11 Replies

seems like your husband is just dealing with his own needs.... my husband was very frank with me that my bump is a turn off for him sexually... I cried and he consoled me saying "it's not that I dont love you, I just cant get turned on seeing your bump... and to know that inside your bump is our baby, I am unable to want sex..." I read lots of reddit posts and apparently men are meant to be turned off by pregnant bumps. it's a male's biological way of protecting the pregnancy. so feel better that it's just your husband and majority of men's way to protect the baby... I just let my husband look at other females. I know he just looks to take care of his needs while also taking care of the pregnancy. if it still bothers you, tell him calmly that you feel uncomfortable he looks at other women and how it upsets you that he might not be attracted to you/your body anymore. have a chat and dont start blaming him immediately...

The fact that its making u feel down and uncomfortable means it is something that needs to be addressed. YOUR EMOTIONS matters too and for a fact it matters most now that ure pregnant while having to deal with alot of hormonal changes that is also affecting how u feel. Please dont think that you are big now and thats the reason he doesnt seem to be attracted to you anymore. He made you pregnant so he have to be responsible for every single thing, your pregnancy, the baby, you and everything that matters to you. A happy mum is a happy family afterall. He cant just think for himself and do what he desires just because ure pregnant. Its never a reason. Talk to him about what disturbs you and is of a concern to you. Dont go to bed sad just because you decide to just keep it inside you, like some of the comments over here. You deserve to be heard, mummy. Your emotions matters, especially now.

Such immature and disrespectful behaviours. I totally disagree with the other comment that tells you to suck it up. Obviously this is affecting you and hence, the relationships between you and your husband. 🙄 You’re entitled to voice out things that are making you feel uncomfortable, even if you’re not pregnant. It’s sickening to know that he refollows those that you had deleted. You should talk to him when the time is good. Go soft or stern is up to you cause you know him best.

Next time if u see him looking at their feeds, just casually comment “wah who is that pretty girl, then see what is his reaction?” If he tells u more about it then probably it’s nothing more than just following them. If he hides it and brush it off then hmmm.

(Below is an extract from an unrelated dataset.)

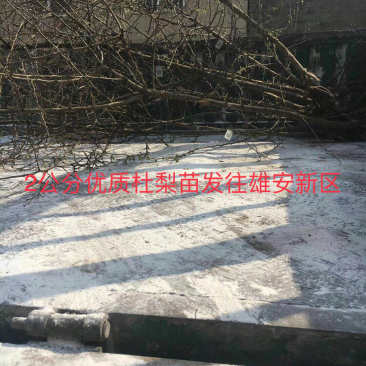 出售2公分杜梨树苗一车苗子为雄安森林做贡献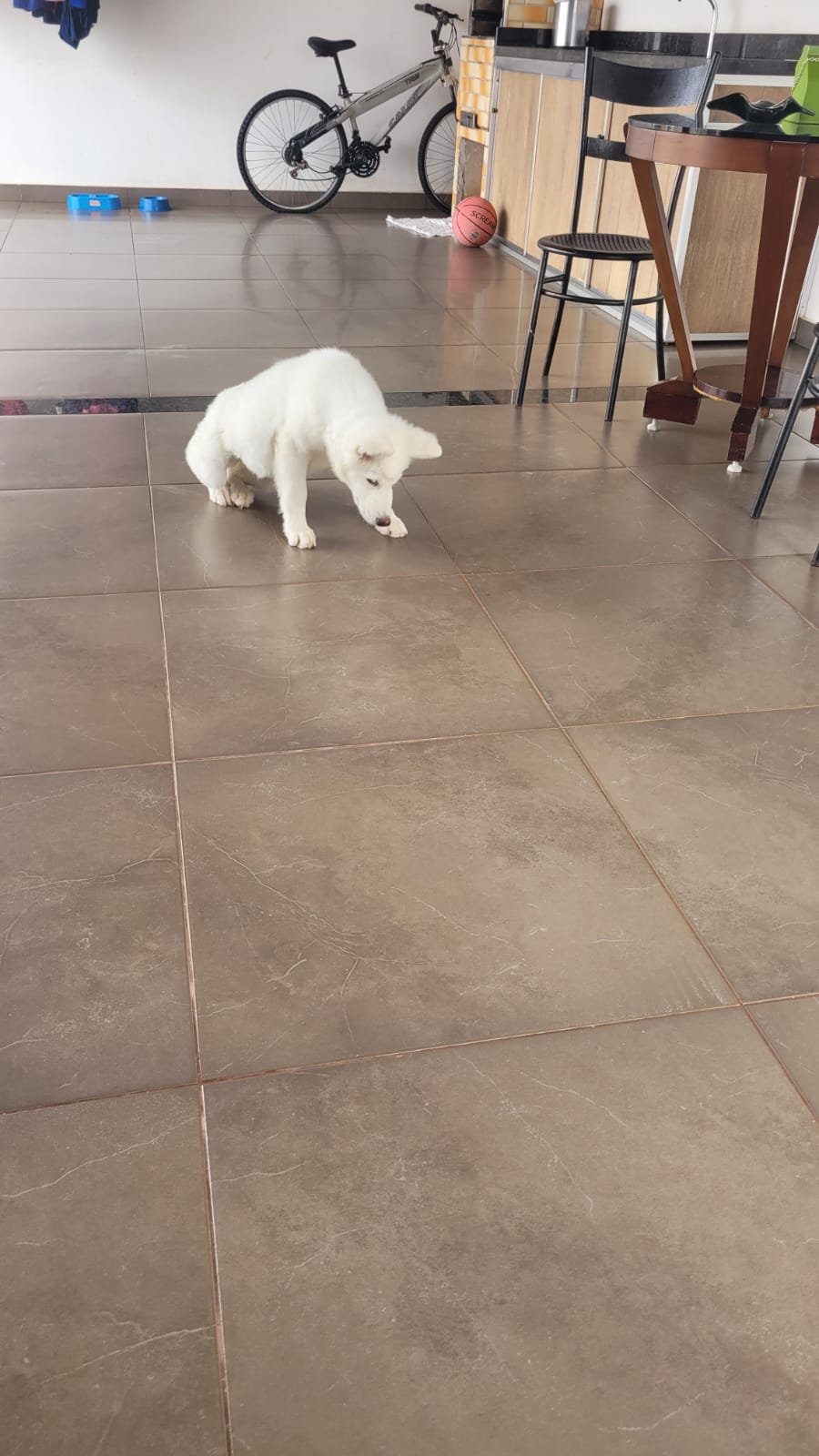 Portal Vendocão Husky Siberiano Filhote Uberlândia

Think every guy is different. like my husband, he don’t even have an instagram account, he is not interested in those so called influencer or celebrities, he only reads about investment, financial stuffs and market news.

Suggest maybe you speak to your hubby about not being intimate first instead of keeping it to yourself.. anyway at 35 weeks preggy he might be afraid to hurt you and baby? As for the social media girls that he’s following.. I guess guys do have interest in seeing pretty girls.. maybe can ask him what interests him to follow them. It might be a particular topic that he’s interested in?

If you catch him looking at girls on his phone then just tell him off like what I did. I just “Wah looking at pretty girls Ah, nice hor?” Then I kept doing it until eventually he stopped. Depends on the character of your hubby though. Some gets very defensive while some will just stop. Trial and error ba.

I think you’re just insecure. My husband also follow other girls. alot of woman also follow pretty influences and admire their beauty. It’s normal for man/woman to want to see pleasing things. So suck it up as long as it doesn’t affect your relationship.

sorry to hear about your husband. I think he is immature, maybe you can have a talk with him and tell him how this baby is so precious. men will be men, some grow up, some don't.

it's happened to me. it's doesn't bother me at all. my priorities is my baby and mental health. it's not that we can't live our lives without them.

For us we can dont b intimate for v long. But at least i dun c him following gers (i tink he only busy scrolling fb nia). I think really need to talk abt it ba.